■ **Your instructions**
Restate the data word for word and leave the images out.

━━ Data to use

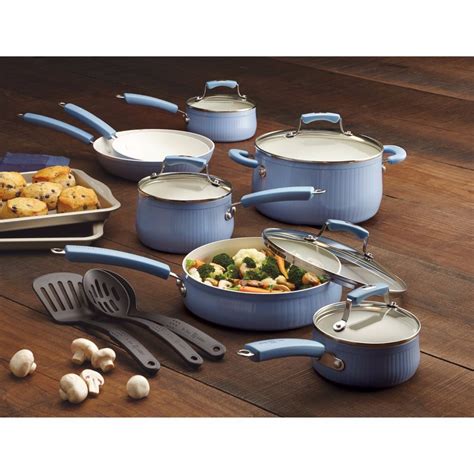 I just purchased a paula deen 105 inch pan at ollies bargain outlet in maryland. Paula Dean Cookware Set Savannah Collection Blueberry 17Pc ...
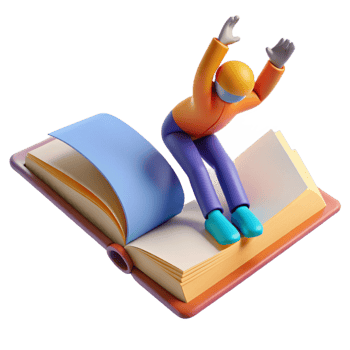 magnificent vintage 3D Illustration Joyful Dive into Book Pages detailed png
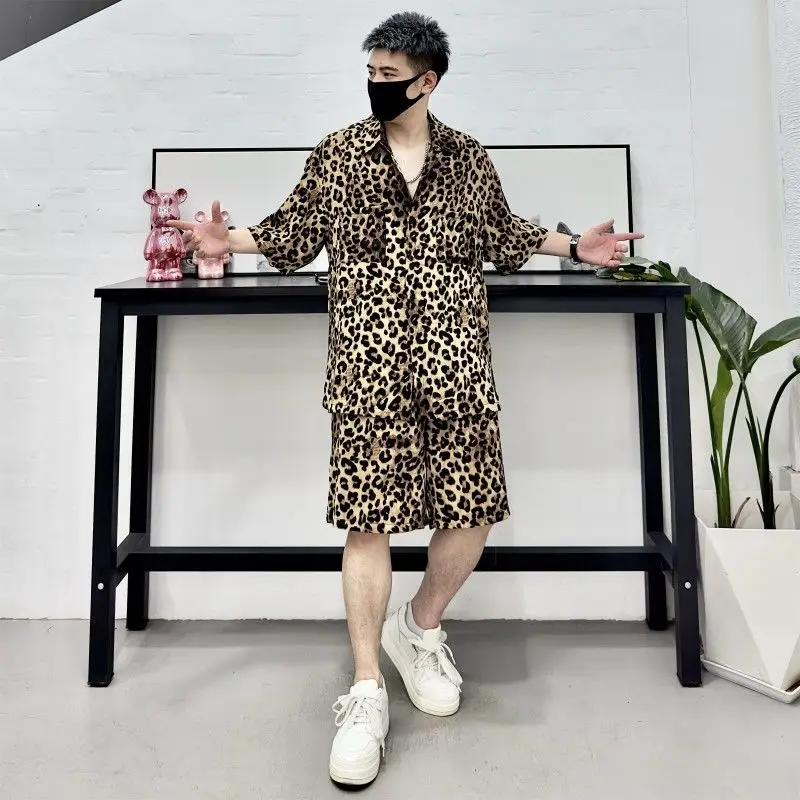 Men's casual suit summer new trend leopard print short-sleeved shirt fashionable matching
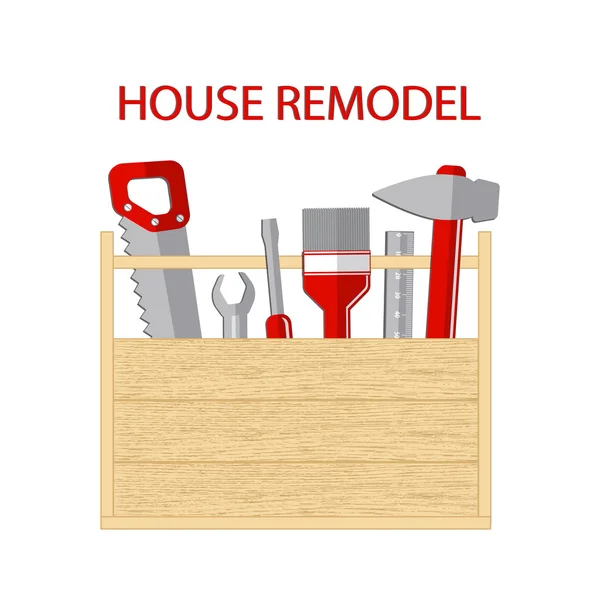 Service de rénovation de maison, boîte d'outils à réparer — Image vectorielle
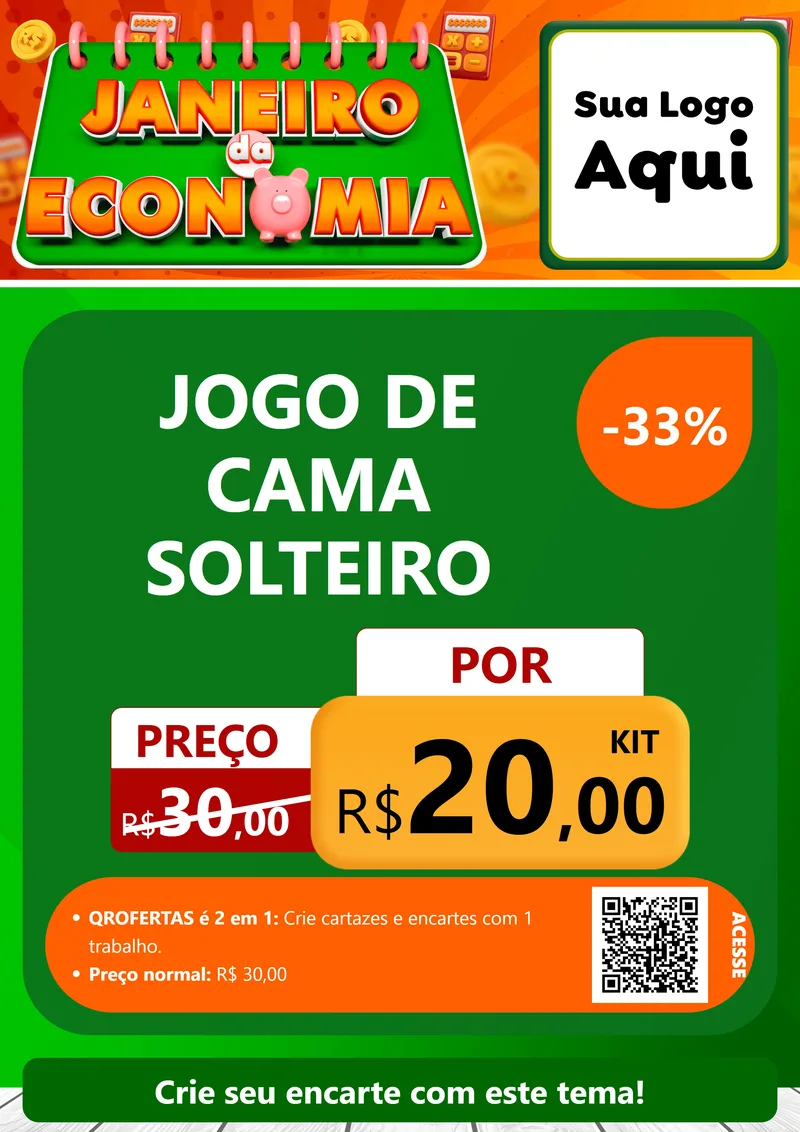 Modelo de Cartaz para Cartaz A4 Vertical com o tema Janeiro da Economia para Cama, Mesa e Banho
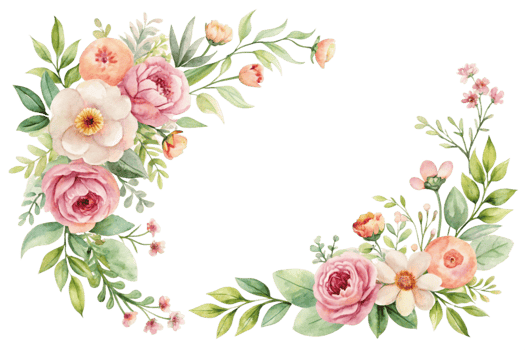 A floral wreath with pink flowers and green leaves png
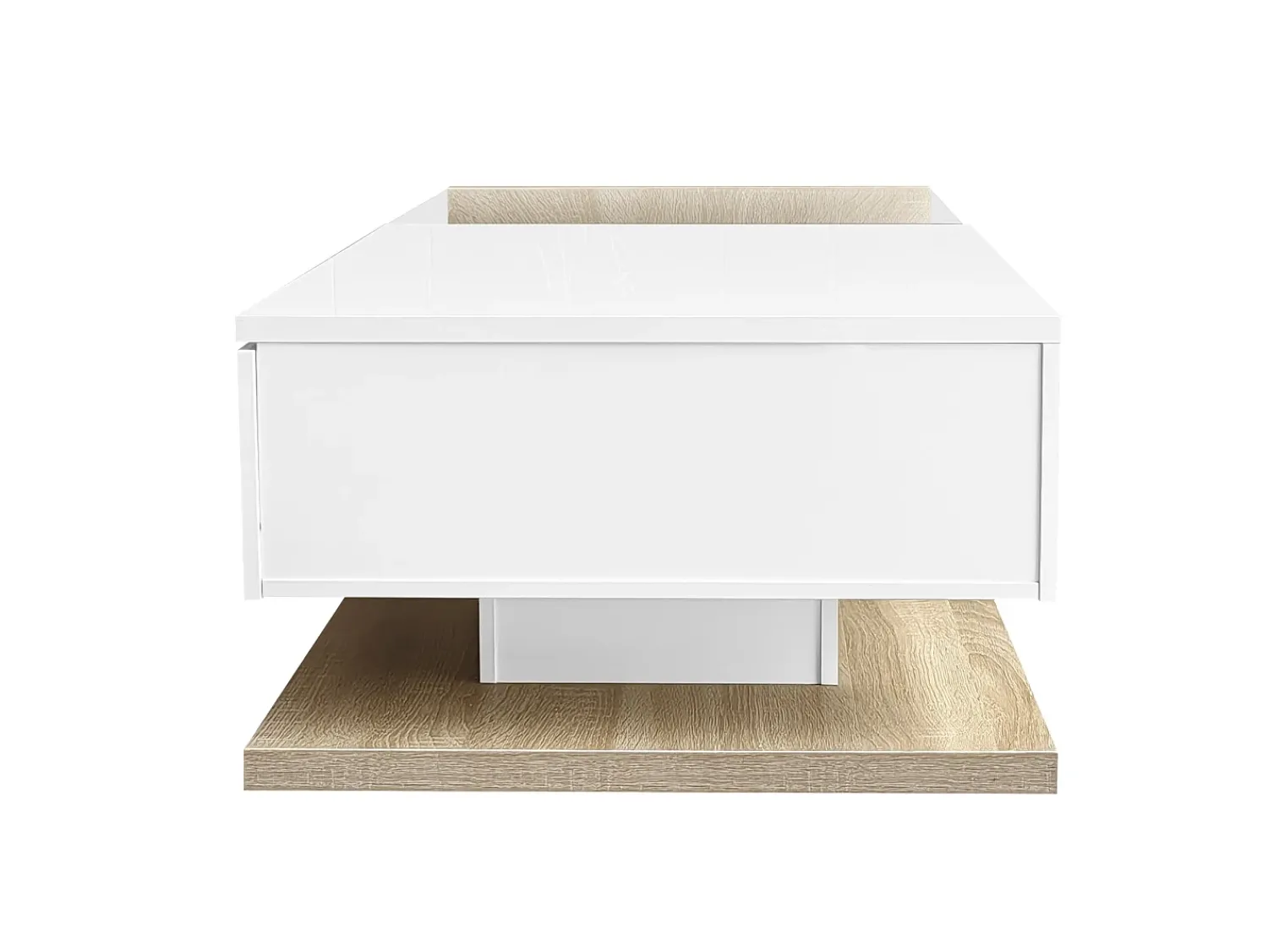 Mesa De Centro*Hauss Spole Mesa de centro retangular 105x55x32,5cm com gaveta, corpo em madeira branca e clara, tampo de vidro Branco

━━━━

■ **Written response**
 I just purchased a paula deen 105 inch pan at ollies bargain outlet in maryland. Paula Dean Cookware Set Savannah Collection Blueberry 17Pc ...
 magnificent vintage 3D Illustration Joyful Dive into Book Pages detailed png
 Men's casual suit summer new trend leopard print short-sleeved shirt fashionable matching
 Service de rénovation de maison, boîte d'outils à réparer — Image vectorielle
 Modelo de Cartaz para Cartaz A4 Vertical com o tema Janeiro da Economia para Cama, Mesa e Banho
 A floral wreath with pink flowers and green leaves png
 Mesa De Centro*Hauss Spole Mesa de centro retangular 105x55x32,5cm com gaveta, corpo em madeira branca e clara, tampo de vidro Branco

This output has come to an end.